Of course, here again, as throughout these discussions, we are
returning to a form of the old dualism. We cannot seem to help it. We
may construct philosophies like Hegel's in which thesis and antithesis
merge in a higher synthesis; we may use the dual view of the world as
representing only a stage, a present achievement in cosmic progress or
human understanding. But that does not alter the incontestable witness
of present experience that the religious consciousness is based upon,
interwoven with, the sense of the cosmic division without, and the
unresolved moral dualism within the individual life. It is important
enough to remember, however, that we have rejected, at least for this
generation, the old scholastic theologies founded on this general
experience. Fashions of thought change with significant facility;
there is not much of the Absolute about them! Nevertheless we cannot
think with forgotten terms. Therefore ours is no mechanically divided
world where man and God, nature and supernature, soul and body, belong
to mutually exclusive territories. We do not deny the principle of
identity. Hence we have discarded that old view of the world and all
the elder doctrines of an absentee creator, a worthless and totally
depraved humanity, a legalistic or substitutionary atonement, a
magical and non-understandable Incarnation which flowed from it. But
we are not discarding with them that other aspect of the truth, the
principle of separateness, nor those value judgments, that perpetual
vision of another nature, behind and beneath phenomena, from which
the old dualism took its rise. It is the form which it assumed, the
interpretation of experience which it gave, not the facts themselves,
obscure but stubborn as they are, which it confessed, that we have
dropped. Identity and difference are still here; man is a part of his
world, but he is also apart from it. God is in nature and in us; God
is without and other than nature and most awfully something other than
us.

Indeed, the precise problem of the preacher today is to keep the old
supernatural values and drop the old vocabulary with the philosophy
which induced it. We must acknowledge the universe as one, and yet be
able to show that the He or the It, beyond and without the world, is
its only conceivable beginning, its only conceivable end, the chief
hope of its brevity, the only stay of its idealism. It was the
arbitrary and mechanical completeness of the old division, not the
reality that underlay the distinction itself, which parted company
with truth and hence lost the allegiance of the mind. It was that the
old dualism tried to lock up this, the most baffling of all realities,
in a formula,--that was what undid it. But we shall be equally foolish
if now, in the interests of a new artificial clearness, we deny
another portion of experience just as our fathers ignored certain
other facts in the interests of their too well-defined systems. We
cannot hold to the old world view which would bend the modern mind to
the support of an inherited interpretation of experience and therefore
would not any longer really explain or confirm it. Neither can we hold
new views which mutilate the experience and leave out some of the most
precious elements in it, even if in so doing we should simplify the
problem for the mind. It would be an unreal simplification; it would
darken, not illumine, the understanding; we should never rest in it.
Nor do we need to be concerned if the intellect cannot perfectly
order or easily demonstrate the whole of the religious life, fit each
element with a self-verifying defense and explanation. No man of the
world, to say nothing of a man of faith or imagination, has ever yet
trusted to a purely intellectual judgment.

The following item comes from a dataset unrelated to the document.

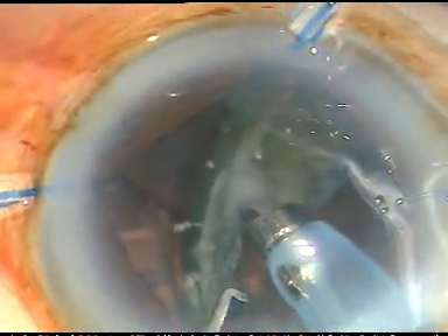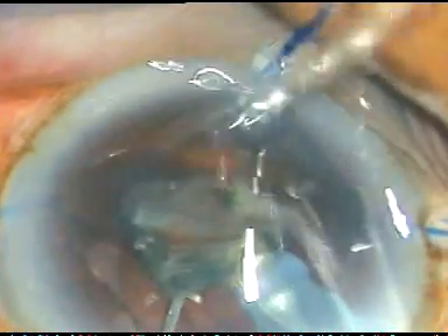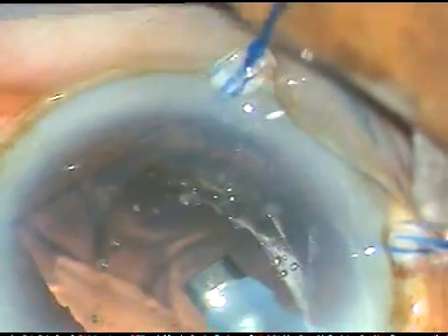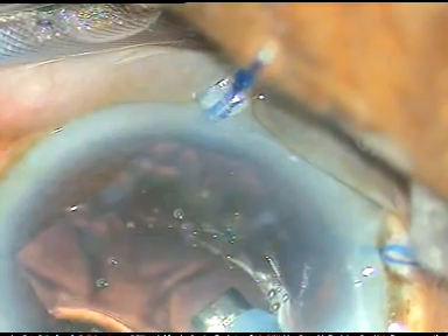In the past it has happened that I removed the epinucleus and the posterior capsule came to the aspirating port and a PC rent occurred. Just imagine — you have placed iris hooks, you have placed a CTR, and now you have a PC rent; you feel so bad. I am happy now that PC rent has been prevented in this case.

So we reject the old dualism, its dichotomized universe, its two sorts
of authority, its prodigious and arbitrary supernaturalism. But we do
not reject what lay behind it. Still we wrestle with the angel, lamed
though we are by the contest, and we cannot let him go until the day
breaks and the shadows flee away. It would be easier perhaps to give
up the religious point of view, but for that ease we should pay with
our life. For that swift answer, achieved by leaving out prime factors
in the problem, we should be betraying the self for whose sake alone
any answer is valuable. It does not pay to cut such Gordian knots! Our
task, then, is to preach transcendence again, not in terms of the old
absolutist philosophy, but in terms of the perceptions, the needs, the
experience of the human heart and mind and will which produced that
philosophy.

Nor is this so hard to do. Now, as always for the genuinely religious
temperament, there are abundant riches of material lying ready to its
hand. It is not difficult to make transcendence real and to reveal to
men their consummate need of it when we speak of it in the language
of experience and perception. What preaching should avoid is
the abstractions of an archaic system of thought with all their
provocative and contentious elements, the mingled dogmatism and
incompleteness which any worked-out system contains. It is so foolish
in the preacher to turn himself into a lay philosopher. Let him keep
his insight clear, through moral discipline keep his intuitions high,
his spirit pure, and then he can furnish the materials for philosophy.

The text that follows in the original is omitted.